Four Basic Ways To Recycle A Webcomic Story Arc

2017 Artwork Recycling story arcs article sketch

Well, although it won’t appear here until early June, I started making another webcomic mini series shortly after finishing the first draft of this article.

This mini series will be slightly similar to an older webcomic story arc of mine from 2013(which can be seen here, here and here). Here’s a preview of the new mini series:

The mini series should start appearing here in very early June.

The mini series should start appearing here in very early June.

Since this could potentially be one of the closest things I’ve done to remaking my old comics in quite a while, I thought that I’d talk about several of the ways that you can recycle your old comics into new ones.

1) Keep the premise, ditch everything else: One of the best ways to keep a remake of one of your older comic updates or story arcs fresh is to keep the basic premise of it but change everything else. If your story arc revolved around your characters visiting somewhere then keep the location the same but change what happens there.

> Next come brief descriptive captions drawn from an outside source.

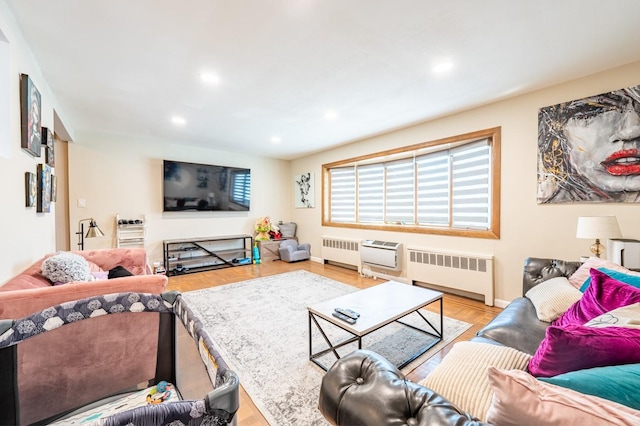 3125 Spencer Dr, Bronx, NY 10465 - living room with radiator, wood finished floors, and recessed lighting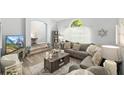 Inviting living room with plush seating, wood floors, and decorative touches offering comfort and style at 2163 Fireside Rd, Deltona, FL 32738
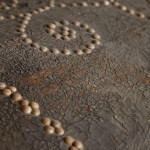 A black leather studded domed trunk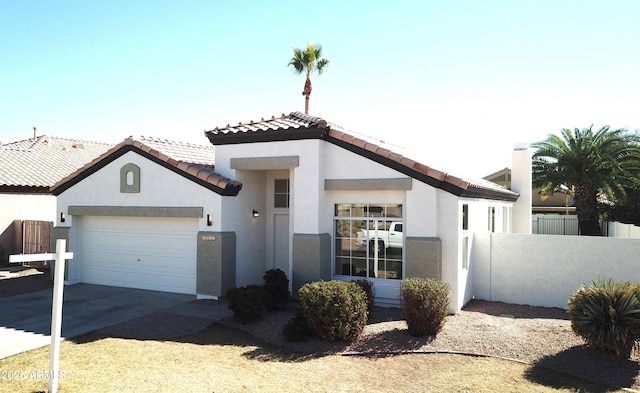 mediterranean / spanish home with an attached garage, fence, concrete driveway, a tiled roof, and stucco siding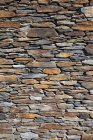 Shabby stone wall, full frame — Stock Photo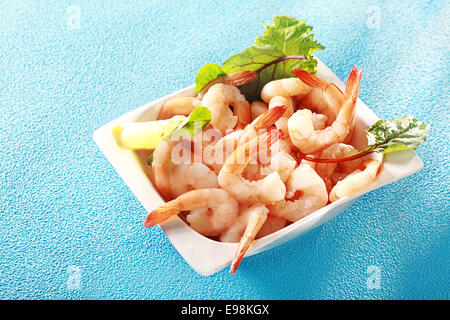 Gourmet-rosa Garnelen oder Shrimps Tails serviert in einer Schale mit Zitrone und frischen Kräutern für eine köstliche Meeresfrüchte Vorspeise zu einem Dinner, erhöhte Ansicht auf türkis-blau mit Exemplar Stockfoto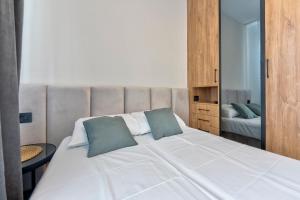 兹拉蒂博尔Modena Resort Spa & Wellness Zlatibor的卧室里有一张白色的大床，上面有两个枕头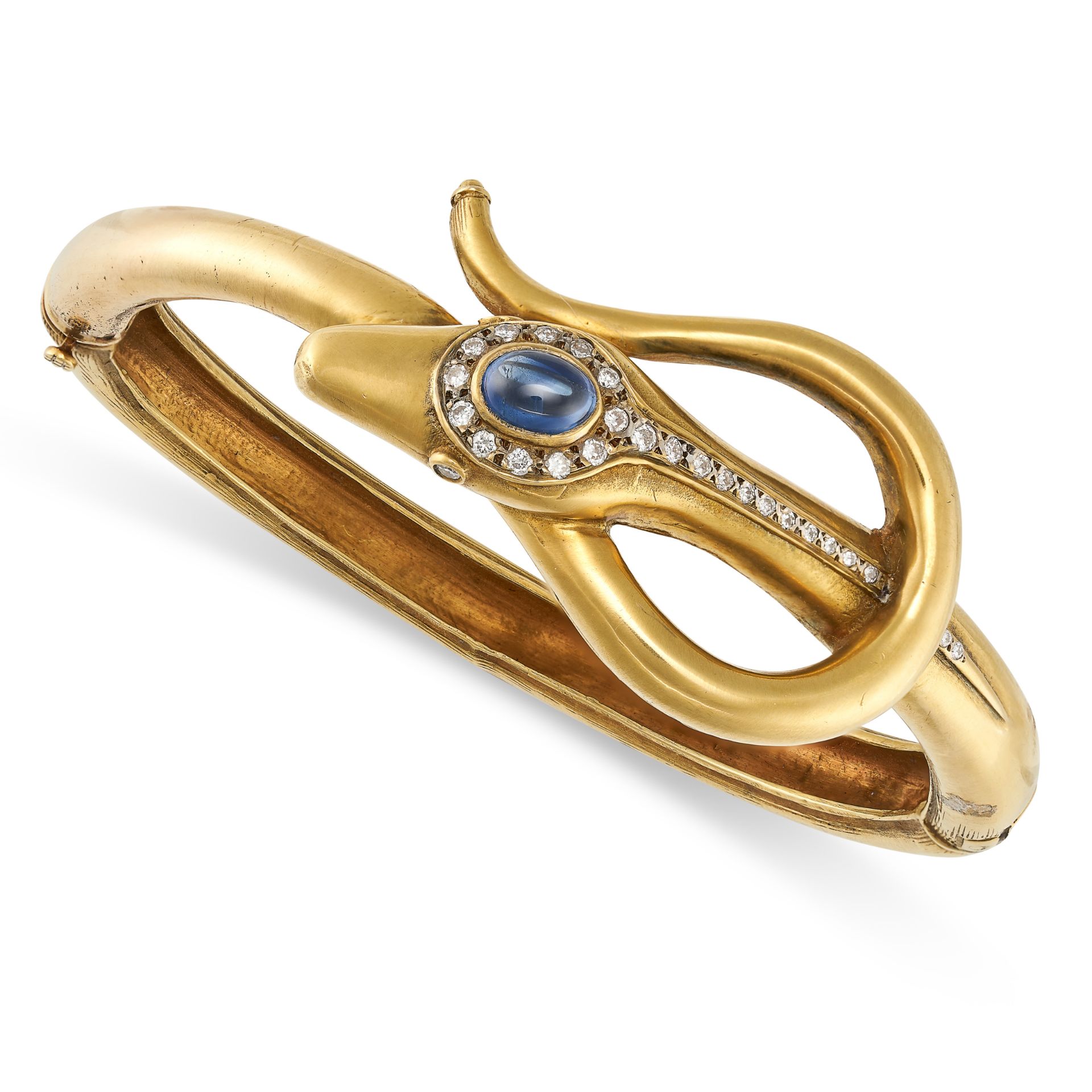 A SAPPHIRE AND DIAMOND SNAKE BANGLE in 18ct yellow gold, designed as a snake coiled around itself...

If your previous story arc was from a few years ago, then set your current story arc in the present day. If you’ve introduced new characters since you finished the old story arc, then add them to the new version of it (if it works in context, of course).

Basically, keep the basic theme or premise, but change almost everything else.

2) Add a full story, or don’t: The simplest way to make a webcomic story arc is just to place your characters in an unusual situation and see what happens. Sometimes, this can lead to a detailed and continuous story, sometimes this can lead to a collection of stand-alone comics that only have a few things in common with each other.

If you’re remaking something like this, then just do the opposite of what you did the first time round. Or don’t, if the original structure went really well. But, try to change the pacing or the panel layouts or something like that.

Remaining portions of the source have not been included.